● WHAT THE EXERCISE ASKS: Look through the data below and output, unchanged, every line from the one holding "bolo-de-iogurte-e-morango-fresco-f8-113832" through the one holding "எரிபொருள், உணவு, மருந்து", inclusive. Skip the pictures.

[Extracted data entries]
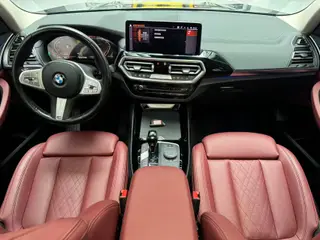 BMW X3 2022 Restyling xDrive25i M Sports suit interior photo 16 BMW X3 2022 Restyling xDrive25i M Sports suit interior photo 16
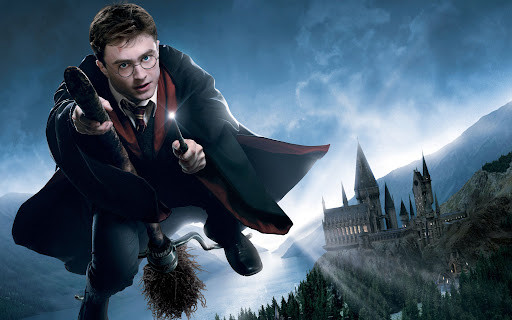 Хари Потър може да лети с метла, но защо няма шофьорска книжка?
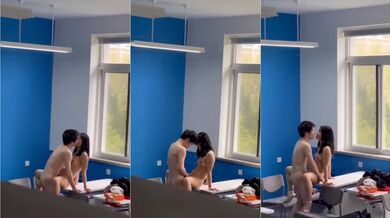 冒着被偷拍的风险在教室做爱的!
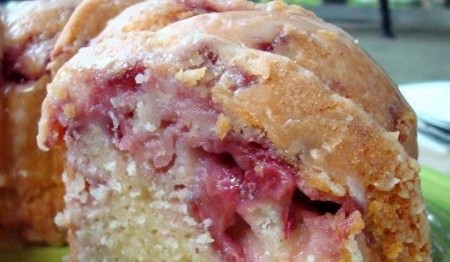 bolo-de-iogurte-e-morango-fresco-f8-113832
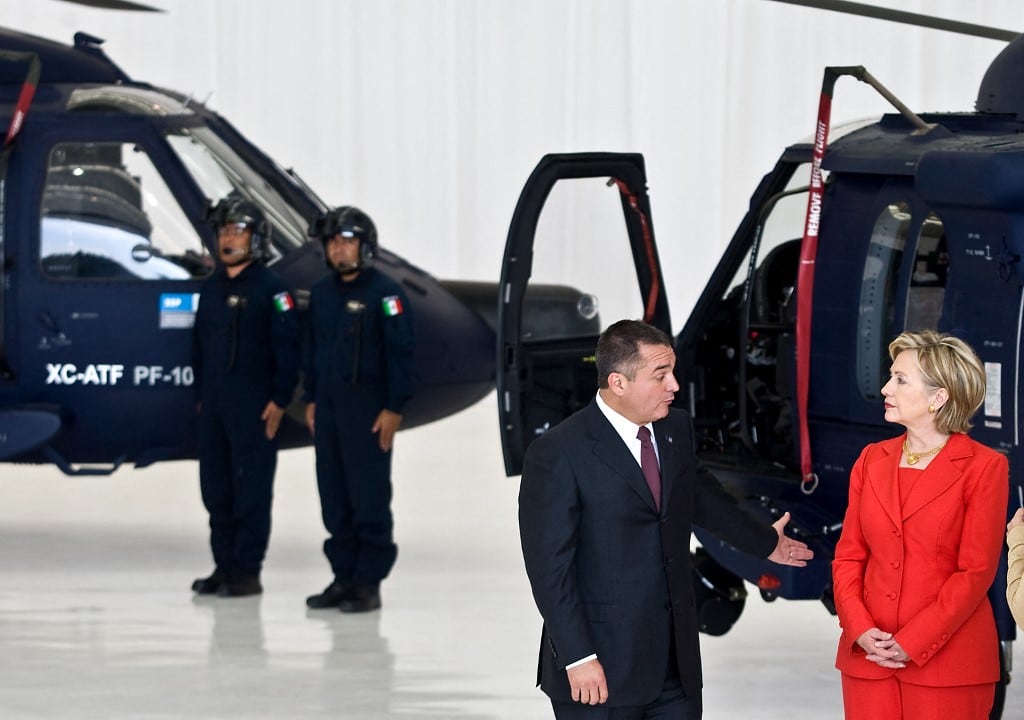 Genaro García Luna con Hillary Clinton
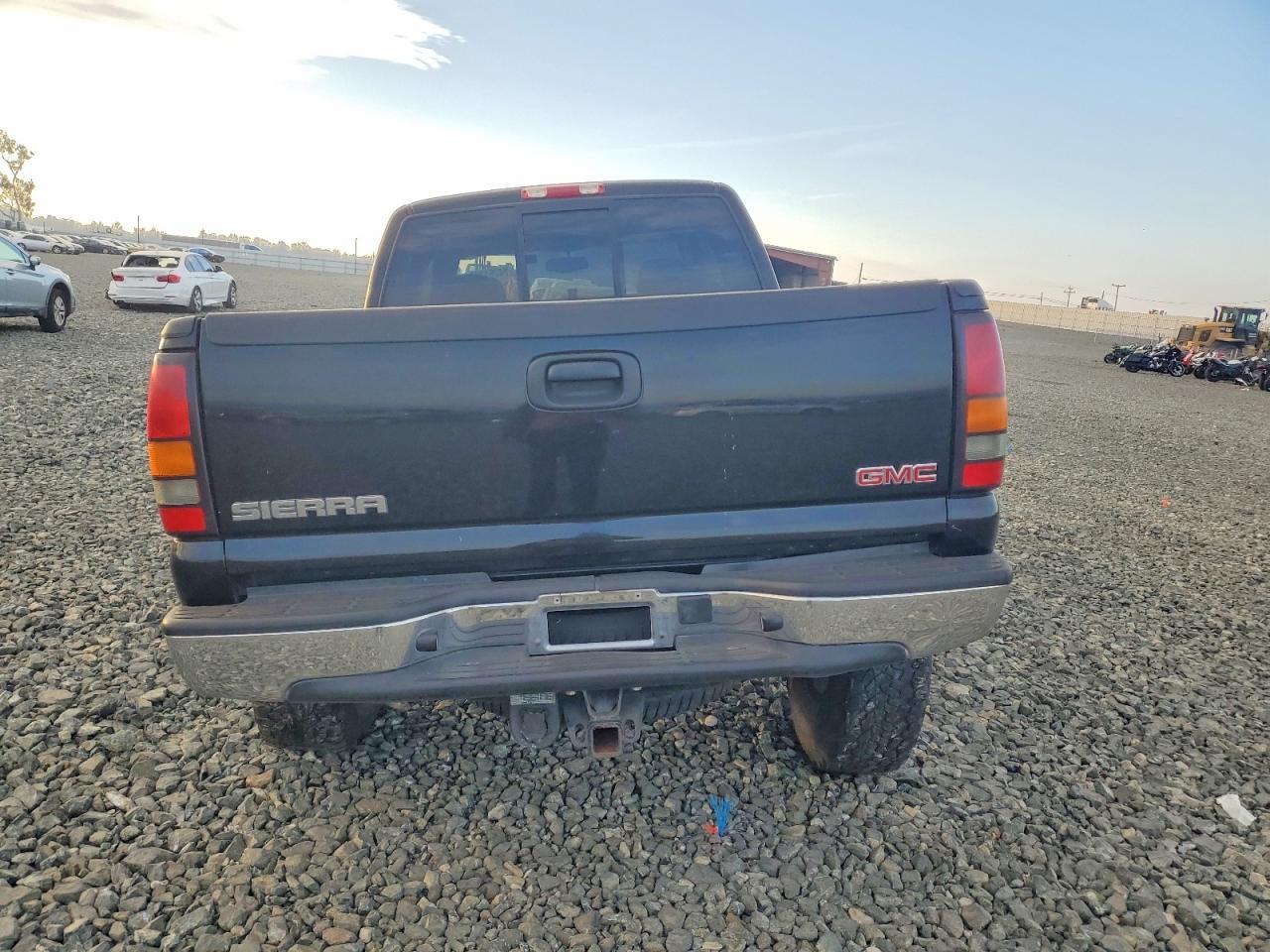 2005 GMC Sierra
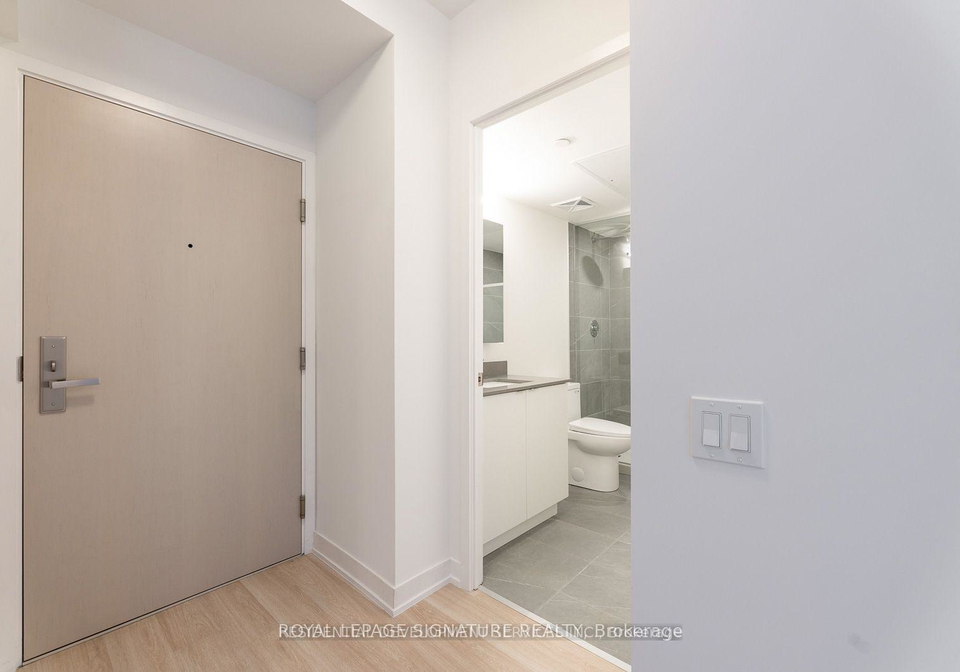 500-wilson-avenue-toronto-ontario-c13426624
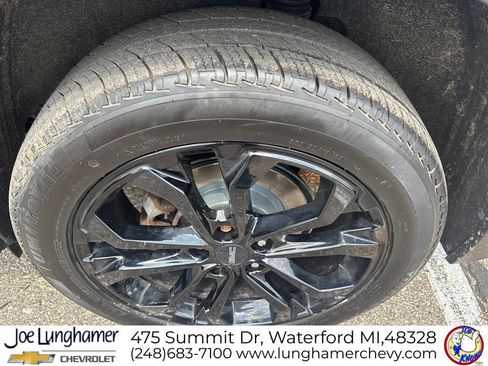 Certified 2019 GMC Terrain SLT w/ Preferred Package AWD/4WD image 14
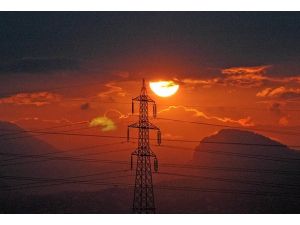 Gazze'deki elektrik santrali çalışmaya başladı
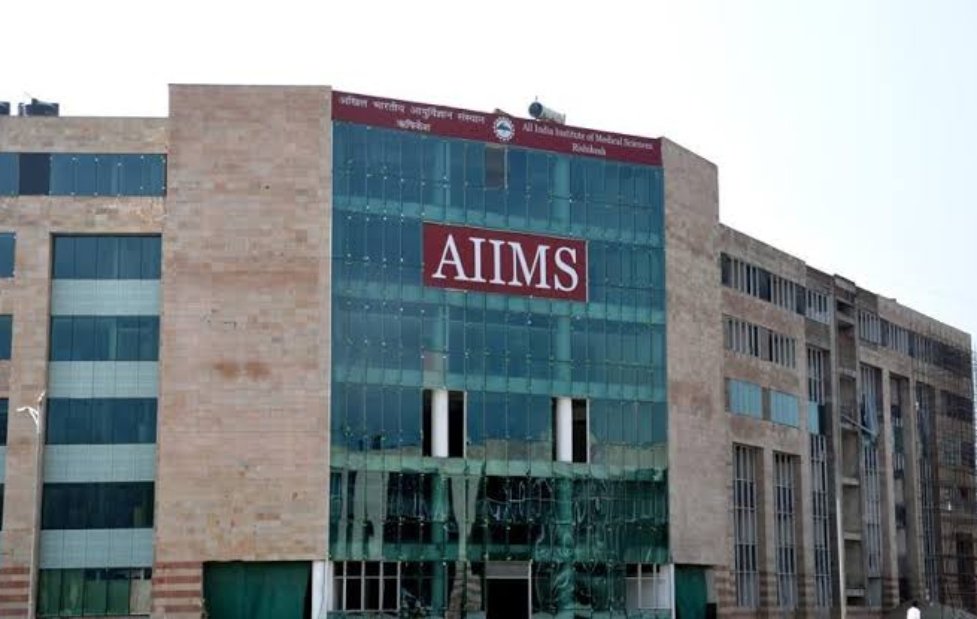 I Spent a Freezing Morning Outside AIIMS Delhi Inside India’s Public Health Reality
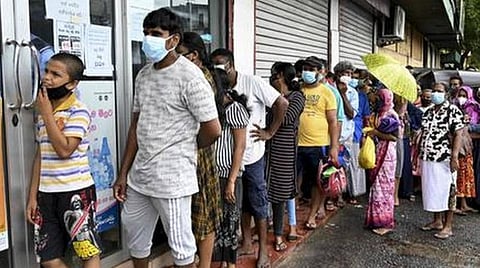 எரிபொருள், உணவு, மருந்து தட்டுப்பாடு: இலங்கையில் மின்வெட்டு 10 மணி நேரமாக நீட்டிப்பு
...
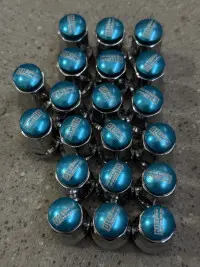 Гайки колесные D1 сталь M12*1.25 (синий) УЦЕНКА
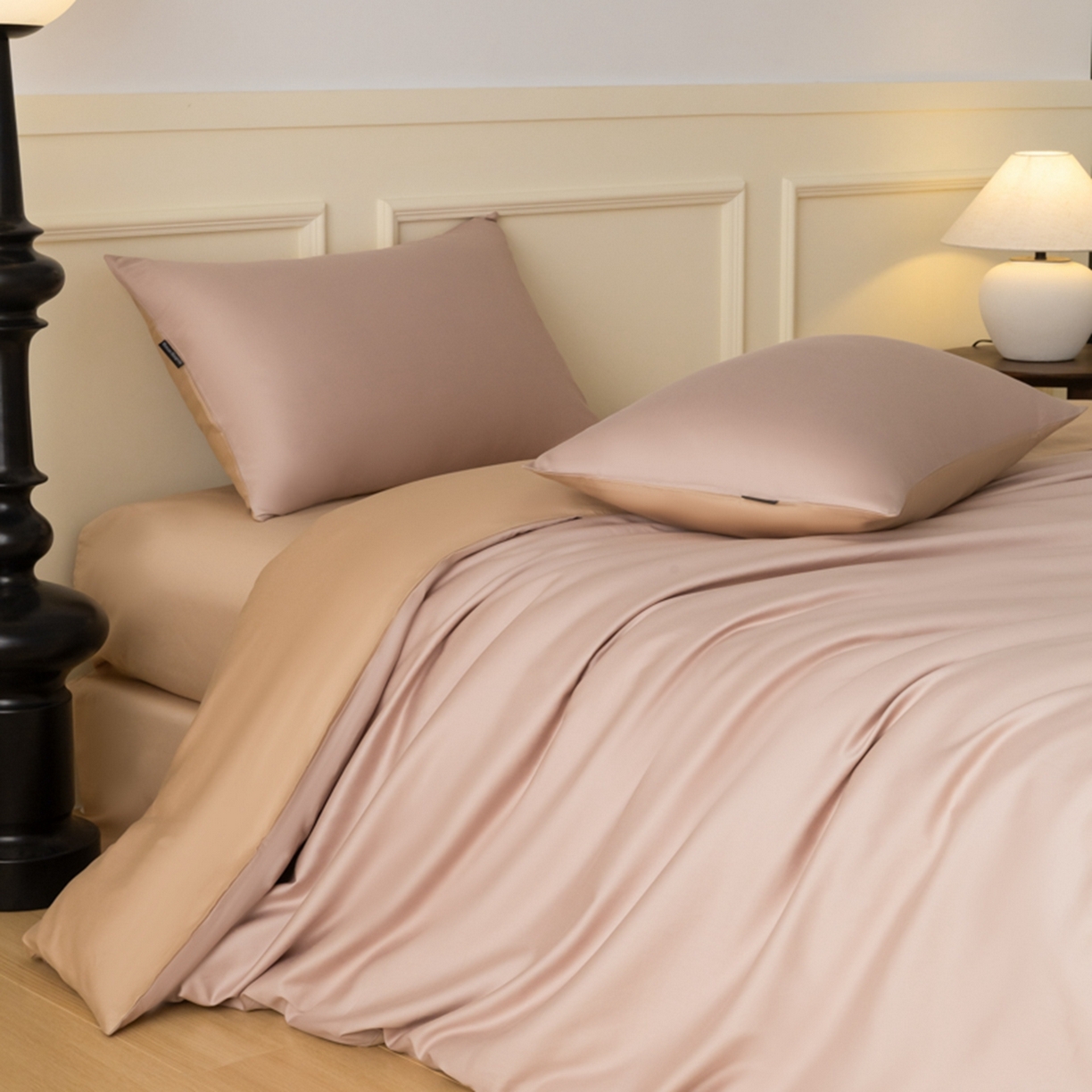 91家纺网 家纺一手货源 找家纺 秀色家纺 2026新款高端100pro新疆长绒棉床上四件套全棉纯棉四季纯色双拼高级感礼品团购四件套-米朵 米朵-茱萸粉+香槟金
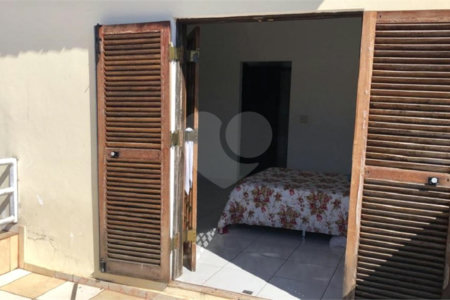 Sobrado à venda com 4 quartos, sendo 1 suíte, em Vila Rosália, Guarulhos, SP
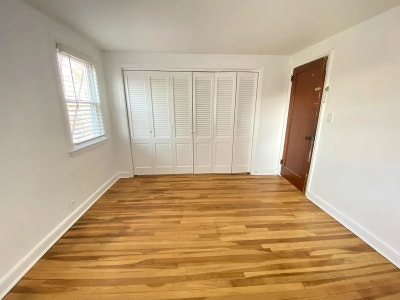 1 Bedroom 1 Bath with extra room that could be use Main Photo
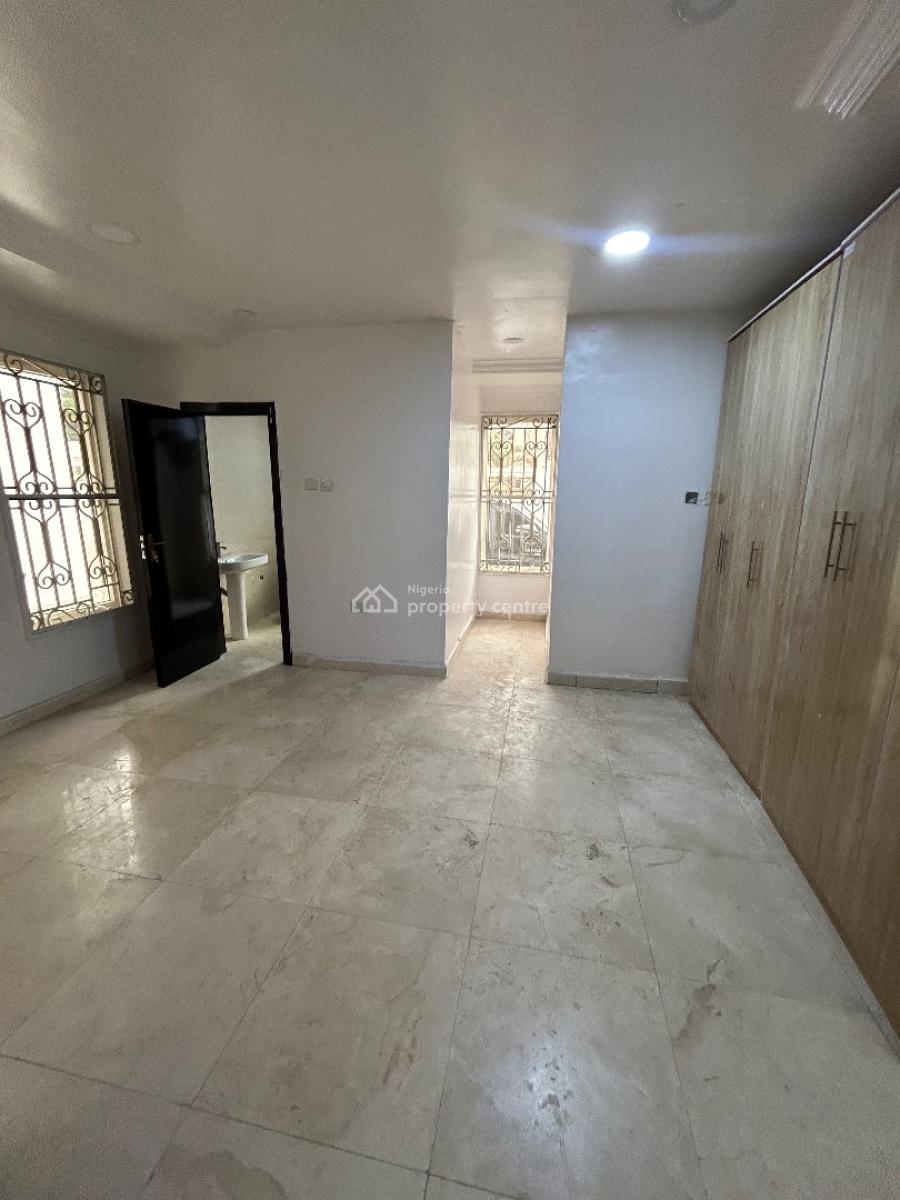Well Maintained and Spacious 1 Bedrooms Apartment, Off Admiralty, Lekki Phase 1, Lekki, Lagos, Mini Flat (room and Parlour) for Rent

● WRITTEN ANSWER:
 bolo-de-iogurte-e-morango-fresco-f8-113832
 Genaro García Luna con Hillary Clinton
 2005 GMC Sierra
 500-wilson-avenue-toronto-ontario-c13426624
 Certified 2019 GMC Terrain SLT w/ Preferred Package AWD/4WD image 14
 Gazze'deki elektrik santrali çalışmaya başladı
 I Spent a Freezing Morning Outside AIIMS Delhi Inside India’s Public Health Reality
 எரிபொருள், உணவு, மருந்து தட்டுப்பாடு: இலங்கையில் மின்வெட்டு 10 மணி நேரமாக நீட்டிப்பு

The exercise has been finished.